Access for female professionals to the higher rungs of the corporate ladder remains considerably low. Several corporations remain in non-compliance. Peak behind the SECP’s mildly encouraging—but far from satisfactory—measures, and the picture is grim. For complying corporations, there is mounting evidence of corporate boards engaging in tokenism, perfunctorily hiring female directors to—metaphorically— ‘tick the box’. Consider there were only 11 female Chief Executive Officers out of a total 550 in 2017. Alarmingly, of those appointed, more than 91% of female directors were either related or associated to the sponsors or majority shareholders in listed corporations.

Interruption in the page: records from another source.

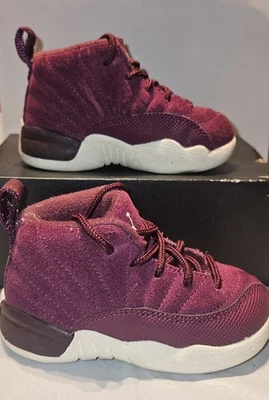 Air Jordan XII 12 Retro Burdeos (TD) 850000-617 TD Talla 6c Con Caja Foto 1 de 4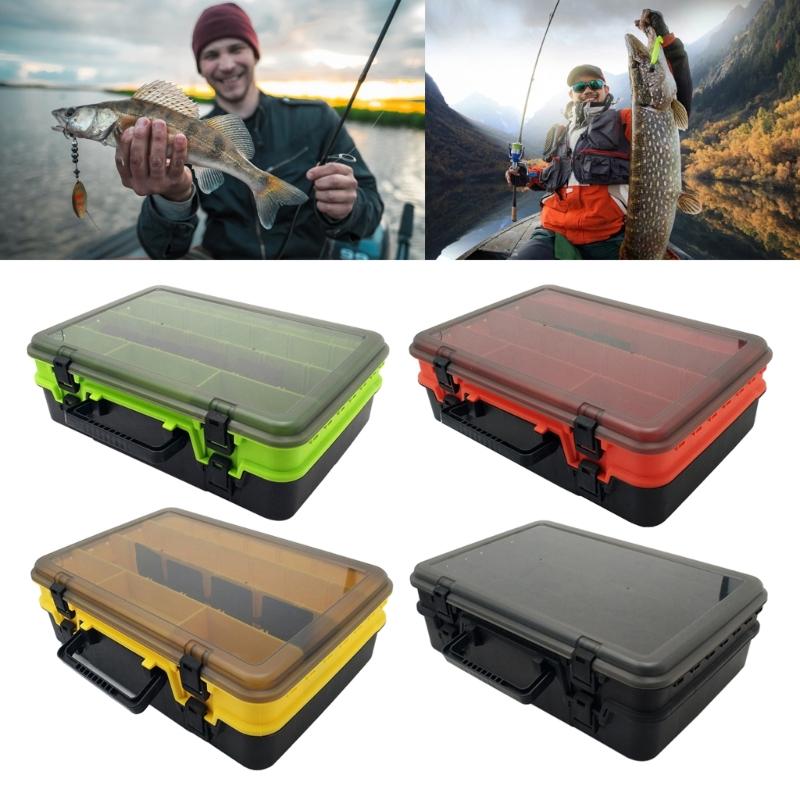 Fishing Hook Organizers Clear Adjusted Dividers Terminals Tackle Case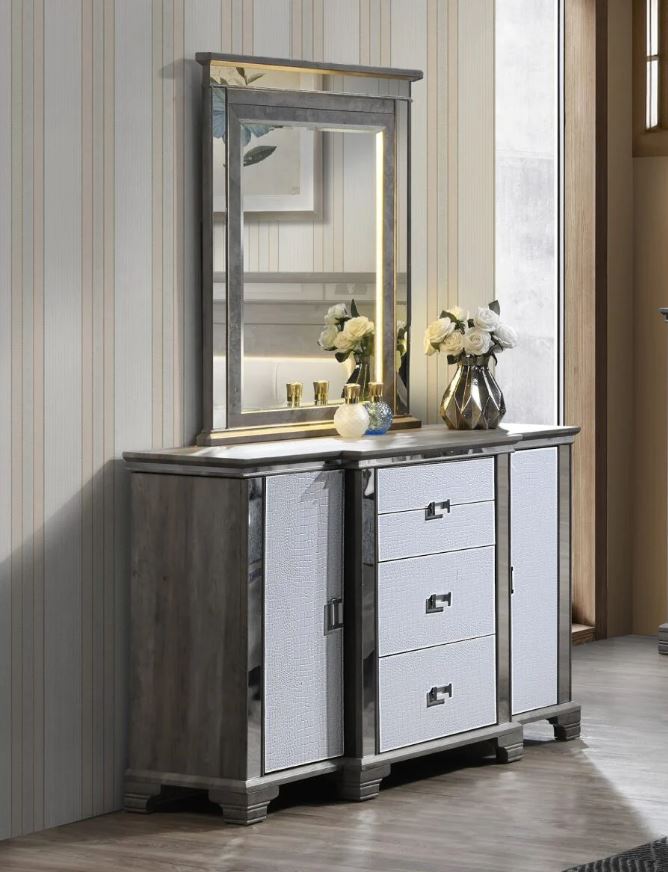 Allura Pearl 5 PC Collection | FREE Nightstand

The message is clear—Pakistani corporations treat the hiring of women as a bureaucratic hurdle, for symbolic importance, and for the optical advantages. Not because gender-equality is a documented, empirically-based strategy for improving corporate performance. Not because women may bring value and skills to corporate decision-making. More often than not, it is because hiring a woman is really a one and done policy—a quota.
At best—a quota is, though questioningly, where things might begin, and at worst—a quota comes at the cost of broader equality, which requires not the facial gloss of equality in numbers but equality in dignity and opportunity for both men and women. With the current requirements, there is nothing stopping corporations from simply creating an additional seat on the board and filling it with a woman, leaving the overall gender balance of the boardroom untouched. In fact, the rush to fill quotas might be detrimental to corporate performance if firms hire less experienced but related or affiliated women—which is already the case.
The 2019 Code treats the quota akin to a self-executing, automated solution to boardroom diversity which—in turn—will improve overall corporate value. That is wrong. Hiring women on the board is where diversity may be most prominent. But diversity has to be achieved at all levels of the corporate ladder through a level playing field where women can compete equally for senior management positions.
Currently, the SECP neither recommends nor obligates Pakistani corporations to formulate, implement or publish diversity policies—which could be some starting points. In tandem with a diversity policy, the Code should require listed corporations to disclose information about the diversity of the boardroom and to set targets in annual filings. Moreover, the SECP could require corporations to periodically publish recruitment policies on the hiring of directors and employees along with explaining how diversity is ensured in recruitment. This would provide an effective check, pushing corporations to ‘walk the talk’. The experiences of Australia and New Zealand have shown how stock exchanges can also be drivers of gender diversity. Similarly, the PSX can also play a significant role in bridging the gap. How? Currently, the PSX has no diversity policy in its listing requirements. But the adoption of a ‘comply or explain’ approach encouraging listed corporations to set targets and to adopt and disclose a written diversity policy could go a long way. Alternatively, the PSX could demand mandatory disclosures as a pre-condition to listing, like its Malaysian counterpart. Equally important, however, is the involvement of the private sector in encouraging voluntary compliance, monitoring and generating awareness amongst corporations.
Ultimately, there has to be a broader recognition that women are not hired for the cosmetic balance of an equation. The imposition of quotas only propagates gender-based stereotypes, resulting in a not-so-meritocratic process. Rather than being imposed on the board’s selection process, women need to be welcomed and respected in corporate boards and management for the value they will bring to Pakistani corporate-decision making. That can only happen in a transformative environment where women, like men, have equal opportunity to foster and experience professional growth—which Pakistan’s corporate governance regime must strive to achieve.
Rafae Saigal is a lawyer and author based in Pakistan.